23. In response, The Trust said it offers all clients remote therapy initially to allow flexibility. It offered Mr E a remote course, and he accepted at the time. The Trust also outlined that if somebody finds remote therapy difficult, they can discuss this with the therapist or contact the service and can still request face to face therapy.
24. We again referred to ‘NHS Talking Therapies for anxiety and depression manual’. It explains ‘Services should offer a choice of in-person or remotely delivered therapies, as there is evidence to show that these therapies can achieve comparable outcomes to face-to-face therapy when the same therapy content is delivered in an online format’.
25. The Trust offered Mr E remote therapy, which he accepted, and then delivered the courses remotely, in line with the manual and Mr E’s preference. The manual does not instruct organisations to deliver all sessions face to face, rather it encourages flexibility due to technological advancement.

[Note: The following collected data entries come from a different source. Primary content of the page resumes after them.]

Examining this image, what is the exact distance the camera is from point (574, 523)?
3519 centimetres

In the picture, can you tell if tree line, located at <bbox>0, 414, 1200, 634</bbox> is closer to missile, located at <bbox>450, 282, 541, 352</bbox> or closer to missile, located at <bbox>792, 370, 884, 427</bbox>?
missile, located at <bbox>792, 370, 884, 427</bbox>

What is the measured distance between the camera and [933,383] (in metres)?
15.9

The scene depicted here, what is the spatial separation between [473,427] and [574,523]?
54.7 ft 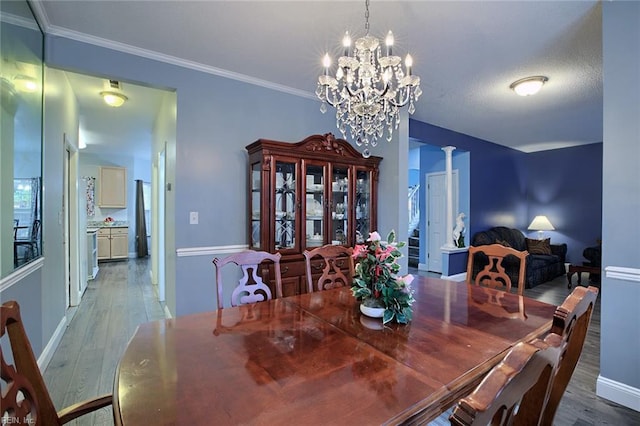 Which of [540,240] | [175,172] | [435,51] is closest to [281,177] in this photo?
[175,172]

26. We cannot therefore say there are indications of failings by the Trust not holding all sessions face to face. It acted in line with Mr E’s preference at the time, and the manual. We cannot say the Trust was responsible for the technical issues Mr E encountered. We do recognise that these technical difficulties must have been incredibly frustrating for him at that moment in time and recognise the distress they must have caused.
27. We are very sorry Mr E did not find the course helpful and that he has experienced a deterioration in his mental health. We do not underestimate how difficult things have been for him. We hope we have explained our decision clearly.